## [About this exercise]
Every line that contains "Unit" must be located and copied from the data.

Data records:

════

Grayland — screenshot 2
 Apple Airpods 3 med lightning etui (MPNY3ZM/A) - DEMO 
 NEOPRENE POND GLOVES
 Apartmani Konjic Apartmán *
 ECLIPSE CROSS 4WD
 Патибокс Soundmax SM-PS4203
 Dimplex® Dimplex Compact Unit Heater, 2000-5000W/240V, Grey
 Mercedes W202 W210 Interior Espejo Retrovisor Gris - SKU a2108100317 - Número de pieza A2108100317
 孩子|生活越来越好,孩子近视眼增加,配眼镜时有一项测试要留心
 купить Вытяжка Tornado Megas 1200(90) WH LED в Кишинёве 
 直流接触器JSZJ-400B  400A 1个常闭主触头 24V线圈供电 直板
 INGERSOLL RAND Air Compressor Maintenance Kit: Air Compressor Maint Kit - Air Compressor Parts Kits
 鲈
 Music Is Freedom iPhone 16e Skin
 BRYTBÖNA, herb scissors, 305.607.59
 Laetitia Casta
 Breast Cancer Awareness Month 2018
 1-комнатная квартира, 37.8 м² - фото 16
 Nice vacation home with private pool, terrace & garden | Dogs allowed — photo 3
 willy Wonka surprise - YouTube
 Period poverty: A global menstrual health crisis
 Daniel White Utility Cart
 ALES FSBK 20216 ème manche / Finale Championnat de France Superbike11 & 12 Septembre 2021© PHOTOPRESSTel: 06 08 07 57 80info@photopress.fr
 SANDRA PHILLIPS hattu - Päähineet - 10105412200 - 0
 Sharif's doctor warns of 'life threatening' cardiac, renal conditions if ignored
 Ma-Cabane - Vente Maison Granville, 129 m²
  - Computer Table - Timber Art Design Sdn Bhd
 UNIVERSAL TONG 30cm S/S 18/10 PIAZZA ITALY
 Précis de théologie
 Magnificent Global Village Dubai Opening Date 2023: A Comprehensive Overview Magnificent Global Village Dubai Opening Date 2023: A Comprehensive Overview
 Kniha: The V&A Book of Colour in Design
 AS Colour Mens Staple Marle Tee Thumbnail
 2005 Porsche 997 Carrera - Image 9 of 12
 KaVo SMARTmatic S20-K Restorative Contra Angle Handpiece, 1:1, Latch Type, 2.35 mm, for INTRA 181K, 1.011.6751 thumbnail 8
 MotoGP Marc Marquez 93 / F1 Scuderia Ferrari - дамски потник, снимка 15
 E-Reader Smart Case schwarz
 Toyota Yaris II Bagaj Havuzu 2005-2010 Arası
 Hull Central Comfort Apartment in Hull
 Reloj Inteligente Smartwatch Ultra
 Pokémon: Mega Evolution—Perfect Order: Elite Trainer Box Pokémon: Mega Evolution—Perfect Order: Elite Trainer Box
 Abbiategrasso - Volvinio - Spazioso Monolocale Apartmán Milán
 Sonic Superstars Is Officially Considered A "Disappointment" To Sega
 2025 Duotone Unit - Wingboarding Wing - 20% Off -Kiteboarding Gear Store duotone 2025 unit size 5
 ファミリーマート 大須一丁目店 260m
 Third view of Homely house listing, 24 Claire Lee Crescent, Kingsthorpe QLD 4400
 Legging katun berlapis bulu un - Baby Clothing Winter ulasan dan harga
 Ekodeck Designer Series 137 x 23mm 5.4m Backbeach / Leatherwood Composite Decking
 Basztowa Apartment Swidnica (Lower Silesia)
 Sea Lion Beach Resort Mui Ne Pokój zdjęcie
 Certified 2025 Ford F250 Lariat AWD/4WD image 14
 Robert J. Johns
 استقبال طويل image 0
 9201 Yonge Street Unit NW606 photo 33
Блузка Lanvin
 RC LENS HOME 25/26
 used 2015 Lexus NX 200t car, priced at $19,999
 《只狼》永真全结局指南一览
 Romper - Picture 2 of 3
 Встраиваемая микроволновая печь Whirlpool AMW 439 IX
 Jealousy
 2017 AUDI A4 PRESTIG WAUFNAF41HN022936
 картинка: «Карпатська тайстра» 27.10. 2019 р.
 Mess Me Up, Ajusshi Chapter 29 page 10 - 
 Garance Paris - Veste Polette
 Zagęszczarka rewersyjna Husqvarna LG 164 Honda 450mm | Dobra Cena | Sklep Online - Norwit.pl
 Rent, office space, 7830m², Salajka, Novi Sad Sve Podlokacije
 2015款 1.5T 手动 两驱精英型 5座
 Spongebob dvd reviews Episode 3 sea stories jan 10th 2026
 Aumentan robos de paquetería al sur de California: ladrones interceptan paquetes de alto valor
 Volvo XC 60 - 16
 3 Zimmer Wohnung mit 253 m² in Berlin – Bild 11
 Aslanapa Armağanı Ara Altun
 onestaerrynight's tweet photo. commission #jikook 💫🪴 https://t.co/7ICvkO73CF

════

## [Task solution]
 Dimplex® Dimplex Compact Unit Heater, 2000-5000W/240V, Grey
 2025 Duotone Unit - Wingboarding Wing - 20% Off -Kiteboarding Gear Store duotone 2025 unit size 5
 9201 Yonge Street Unit NW606 photo 33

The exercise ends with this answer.